Understanding why requires separating two different things that are often confused: the long-term reason to own gold, and what happens to gold's price in the short term when everyone already owns it.

The long-term case for gold rests on a framework developed by economist Charles Gave and his research partners at GaveKal. The framework says gold performs best when two conditions are met simultaneously: real interest rates are negative or falling (meaning the interest you earn on government bonds, after adjusting for inflation, is low or dropping), and the dollar is weakening relative to other currencies. Both conditions have been present for much of 2025 and 2026. The US dollar has been losing ground against other major currencies, and inflation has kept real rates low despite the Federal Reserve's efforts. In this environment, holding gold beats holding cash, because cash loses purchasing power and gold does not.

That framework explains why gold has risen more than 48% over the past year in the Compass portfolio's investment universe. It does not explain why gold fell this week.

The short-term driver is something investors call positioning. When a trade becomes crowded, meaning many people have all bought the same thing for the same reason, the price becomes fragile. Any small catalyst that causes even a fraction of those buyers to sell can overwhelm new demand. The brain notes on gold track this carefully: the call/put ratio on gold options recently reached a 20-year high. An options ratio like this measures whether investors are betting more on prices going up (calls) versus prices going down (puts). When it hits a 20-year extreme, it means retail investors are piling into leveraged bets on gold going higher. That is a contrarian warning signal: when everyone is already positioned for a move, the move has usually already happened.

Gold also had a remarkable run before this week. The price reached above $5,400 earlier this year before correcting about 20%. The current price around $408 per ounce (for the GLD fund that holds physical gold) is coming off an all-time high, not a bottom. Profit-taking is a rational response to that setup, and when Iran news pushes more buyers in, some existing holders see the spike as an opportunity to reduce exposure.

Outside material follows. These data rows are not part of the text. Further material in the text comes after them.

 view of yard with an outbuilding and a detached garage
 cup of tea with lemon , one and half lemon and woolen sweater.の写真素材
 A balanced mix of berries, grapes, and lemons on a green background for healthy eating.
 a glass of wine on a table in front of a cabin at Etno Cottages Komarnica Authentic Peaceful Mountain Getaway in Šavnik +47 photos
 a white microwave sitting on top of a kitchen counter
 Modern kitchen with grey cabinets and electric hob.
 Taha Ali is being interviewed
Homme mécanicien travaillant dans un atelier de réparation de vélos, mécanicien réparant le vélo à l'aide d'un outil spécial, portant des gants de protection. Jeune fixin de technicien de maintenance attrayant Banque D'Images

The Compass portfolio still holds gold because the structural thesis has not changed. The dollar is weakening over a multi-year horizon, inflation is above its target and likely to stay elevated due to the oil shock from the Iran conflict (oil prices add inflation to the economy with a 6-12 month delay, and oil is at $97-102 a barrel), and central banks worldwide are buying gold at rates not seen in decades. Charles Gave's Allais rule, named after French Nobel laureate Maurice Allais, says we should switch from gold to long-term government bonds only when US 10-year bond yields cross 5.9%. That level would mean bonds are genuinely earning more than inflation, making them a better store of value than gold. The 10-year yield today is around 4.54%. We are 136 basis points (about 1.36 percentage points) away from that trigger. There is no case for exiting gold yet.

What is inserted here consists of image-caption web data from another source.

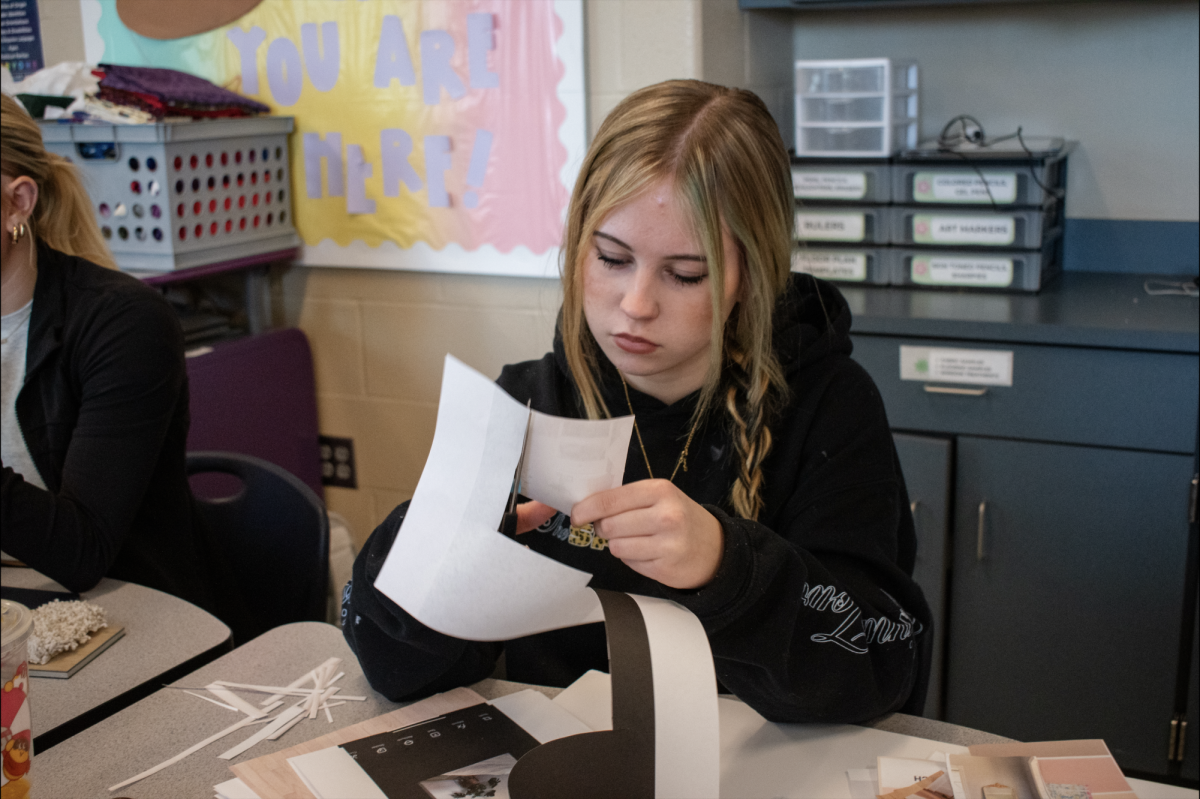 Olivia Johnson, 10, creates a physical design board in interior design on Dec. 4.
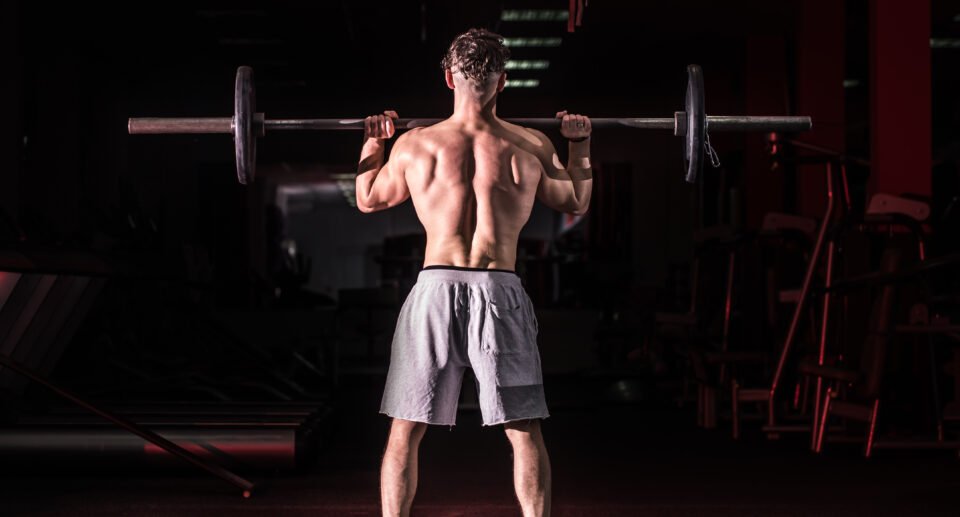 Sports man raises the bar, to do Back workout with barbell in the gym, the concept of sport.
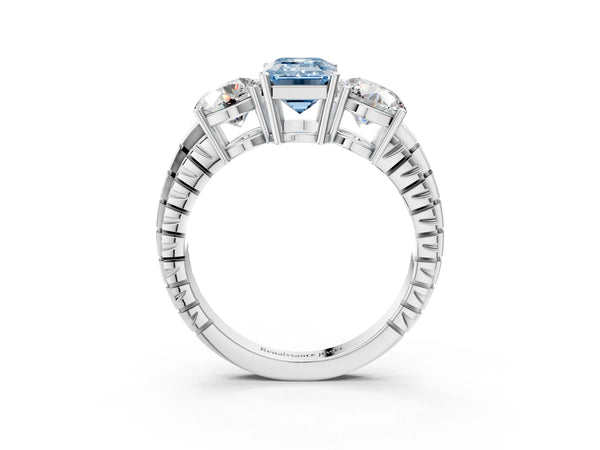 White gold Three-Stone Fancy Blue Emerald Cut Cut Diamond Ring with Channel-Set Band and Prong Setting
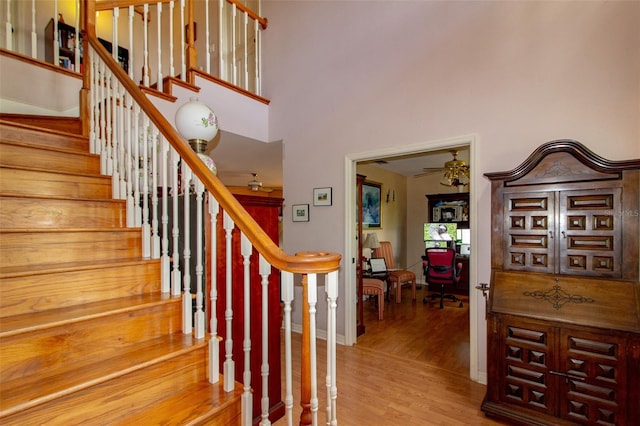 330 W Palmetto St, Lakeland, FL 33815 - stairway with wood finished floors, a towering ceiling, and baseboards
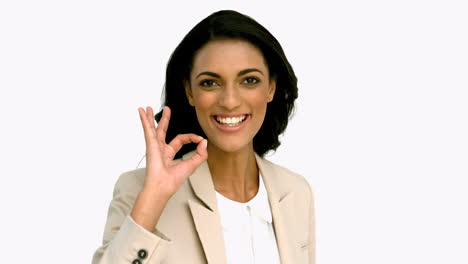 Businesswoman-giving-ok-sign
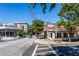A vibrant neighborhood street with commercial buildings, trees, and clear blue sky at 812 Dixie Ne Ave, Atlanta, GA 30307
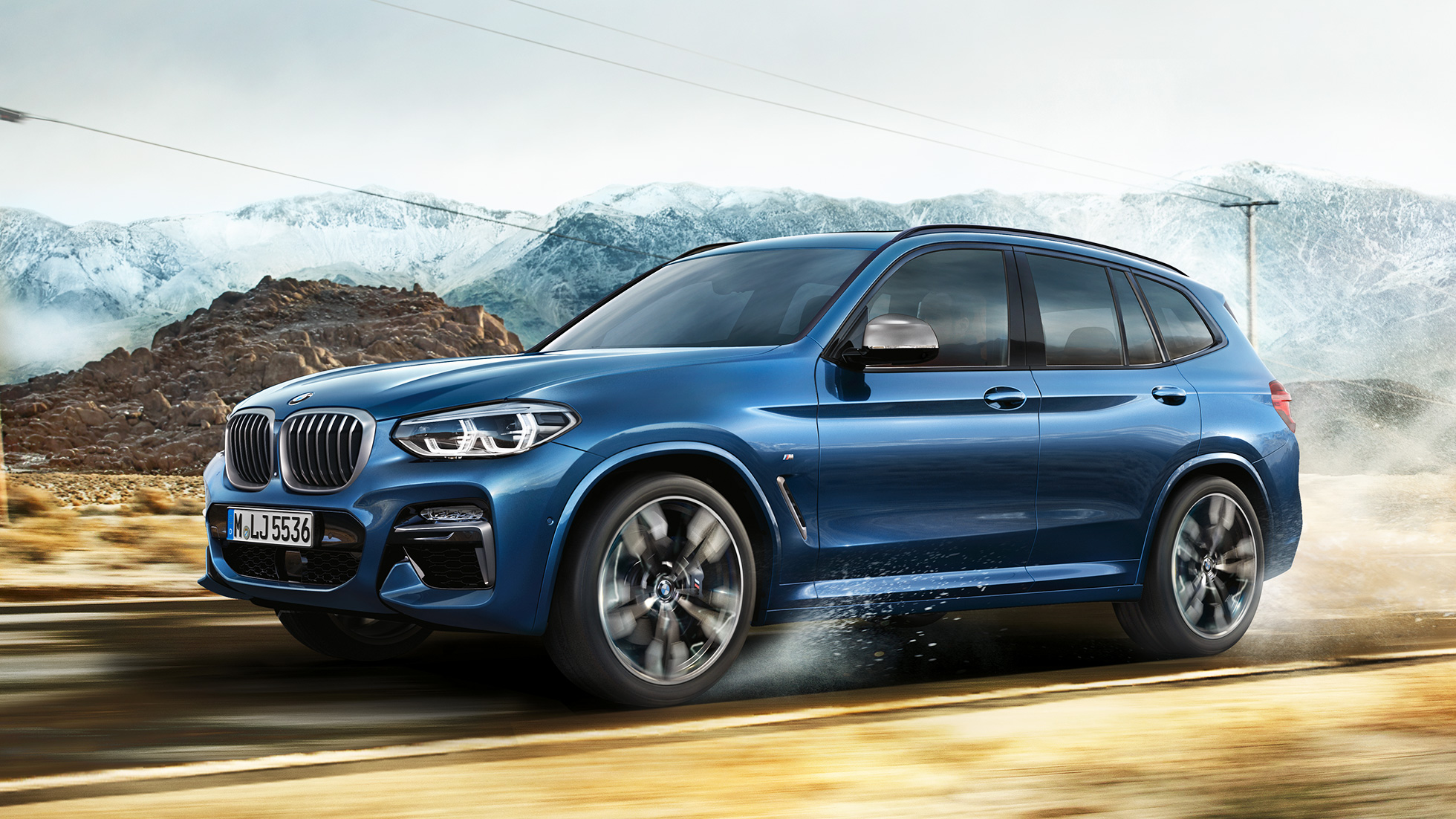 BMW X3 M40i, полупрофил на джанта и калник на фона на планините BMW X3 M40i, полупрофил на джанта и калник на фона на планините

The Preservation portfolio also holds gold for a different reason: diversification. Gold has historically had very low correlation to stock markets, meaning when stocks fall, gold does not usually fall by the same amount. That property makes it a useful tool for a portfolio focused on protecting capital with the smoothest possible ride. The recent weakness in gold is worth watching, but it does not break the diversification argument.

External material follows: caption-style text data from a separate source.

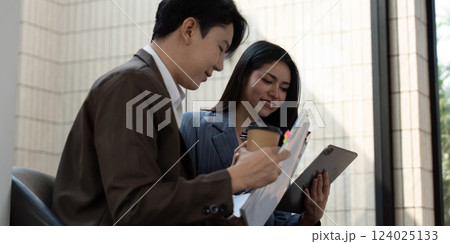 Diverse business team analyzing project plans and discussing strategies with coffee in modern office. Diverse business team analyzing project plans and discussing strategies with coffee in modern office. 124025133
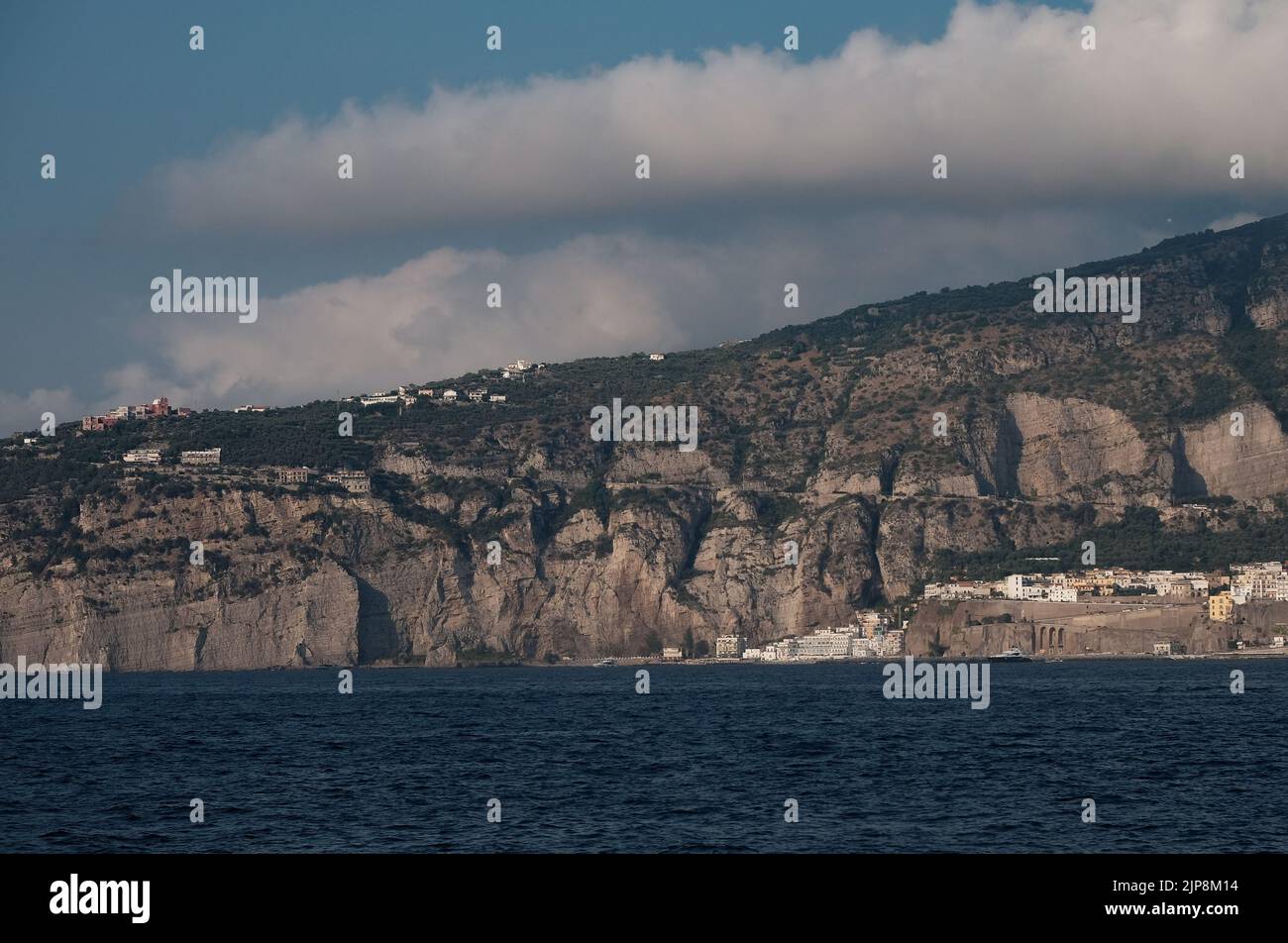 View of part of the Sorrento peninsula with building perched on top looking out into the Bay of Naples. Stock Photo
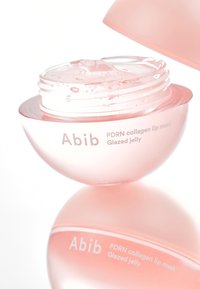 Contenant rond et translucide de couleur rose avec un couvercle, présentant une surface brillante. L'étiquette indique "Abib PDRN collagen lip mask Glazed jelly".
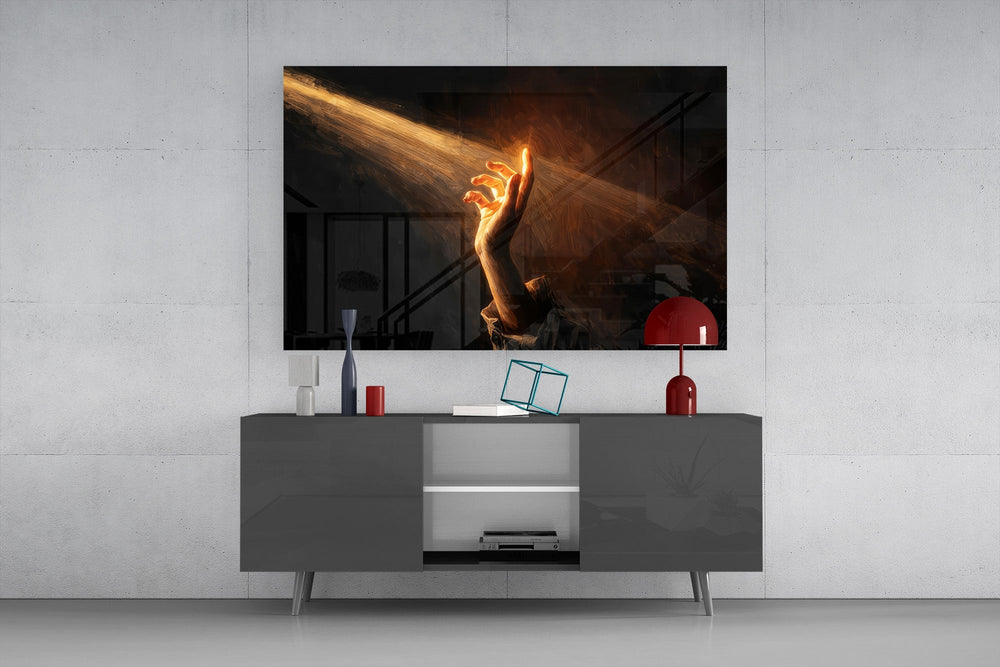 a hand reaching into a golden light beam glass wall art styled in an atmospheric room setting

The practical lesson here is about the difference between a thesis and a price signal. A position going down in price is not the same as the thesis being wrong. In this case, gold is correcting after an extraordinary rally, in a week when the broader market is also retreating. The reasons we hold it remain intact. We continue to watch whether the dollar keeps weakening and whether inflation keeps rising. If both continue, gold will find buyers again once the positioning extreme resolves. If the Allais trigger is ever approached, we will rotate. Until then, we hold.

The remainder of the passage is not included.